Summary of this case from Reynoso v. City and County of San FranciscoOpinion
Case No. 08-10075.
April 13, 2010
Pending before the court are (1) Defendant Robert Leosh's "Motion to Reinstate the Case Through Settlement Enforcement and to Impose Sanctions on the Plaintiff"; and (2) Plaintiff's "Motion to Reinstate the Case due to Defendant's Violation of the Settlement Agreement." For the reasons stated below, the court will grant in part and deny in part Defendant's motion, and it will deny Plaintiff's motion.
I. BACKGROUND
On December 14, 2009, just before jury selection, Defendant Robert Leosh, acting through counsel, and Plaintiff, acting pro se, indicated that they wished to engage in settlement discussions. The parties reached an agreement and the settlement conference was continued on the record. (12/24/09 Settlement Tr. at 1.) The on-the-record portion of the settlement conference lasted approximately 16 minutes. During this discussion, the parties and the court discussed the material terms of the agreement, a proposed confidentiality agreement, the method and timing of the payment to Plaintiff, and how the court would address a failure to memorialize the agreement in writing. (12/24/09 Settlement Tr. at 3-16.)
Specifically, the parties agreed that Defendant would pay Plaintiff the sum of $11,000, and Plaintiff would, in turn, sign a standard release for all claims against Defendant, any other employees and agents of Isabella County, and Isabella County itself. (12/24/09 Settlement Tr. at 3-5, 14-15.) Plaintiff was informed that a check would likely be issued within two to four weeks of her signing the release and that if she failed to sign the release, or if the county failed to issue the check, the court would enforce the settlement agreement. (12/24/09 Settlement Tr. at 4-7, 14-16.)
Following the settlement conference, Plaintiff and Defendant were unable to agree on what terms were included in the settlement. Defendant, therefore, ordered the transcript of the settlement conference. (Def.'s Resp.
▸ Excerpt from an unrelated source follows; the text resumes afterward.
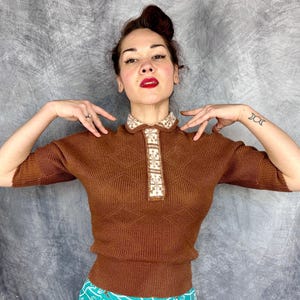 Pu&ograve; includere: Un top in maglia marrone con scollo a camicia e maniche corte. Il colletto e la paramontura presentano un motivo geometrico color crema e beige. Il top ha un motivo a rombi ed &egrave; indossato da una persona.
Br. at ¶ 6.) Plaintiff responded by filing an "Emergency Motion for Protective Order to Seal the Settlement Transcript Regarding Defendant Leosh." [Dkt. # 149] The court denied Plaintiff's Motion and informed Plaintiff that no confidentiality agreement had been included in the settlement. (1/6/10 Order).
The court also denied Plaintiff's motion for reconsideration on the same issue. (1/28/10 Order.)
II. DISCUSSION
Defendant now claims that Plaintiff has failed to abide by the terms of the settlement and requests that the court enforce the settlement agreement. Plaintiff, however, now claims that Defendant has failed to comply with the settlement agreement and that the settlement procedure was unfair; Plaintiff requests that the court reinstate the case and set aside the settlement. Both parties request that the other be sanctioned.
A. Enforcement of Settlement
Plaintiff argues that Defendant has breached the terms of the settlement agreement for several reasons: (1) Defendant did not provide payment within two weeks of the settlement discussions (Pl.'s Mot. at ¶ 9); (2) Defendant included three terms in the settlement agreement regarding tax consequences (Pl.'s Mot. at ¶¶ 11(i)-(iii)); (3) Defendant requested Plaintiff's social security number (Pl.'s Mot. at ¶ 11(iv)); and (4) Defendant disclosed the terms of the agreement (Pl.'s Mot. at ¶ 12). Defendant argues that Plaintiff knew that payment would not be provided within two weeks (Def.'s Resp. Br. at 3); that the language regarding the tax consequences of the settlement is standard language (Def.'s Resp. Br. at 3); that Plaintiff's social security number is required for Defendant to properly follow federal law (Def.'s Resp. Br. at 6); and that the settlement agreement did not include a confidentiality agreement (Def.'s Resp. Br. at 34). The court agrees with Defendant.
"`It is well established that courts retain the inherent power to enforce agreements entered into in settlement of litigation pending before them.'" Bamerilease Capital Corp. v. Nearburg, 958 F.2d 150, 152 (6th Cir. 1992) (quoting Brock v. Scheuner Corp., 841 F.2d 151, 154 (6th Cir. 1988)). The district court's power to summarily enforce settlements extends to cases where the parties have not reduced their agreements to writing. Brock, 841 F.2d at 154. This inherent power derives from "the policy favoring the settlement of disputes and the avoidance of costly and time-consuming litigation." Kukla v. Nat'l Distillers Prods., Co., 483 F.2d 619, 621 (6th Cir. 1973).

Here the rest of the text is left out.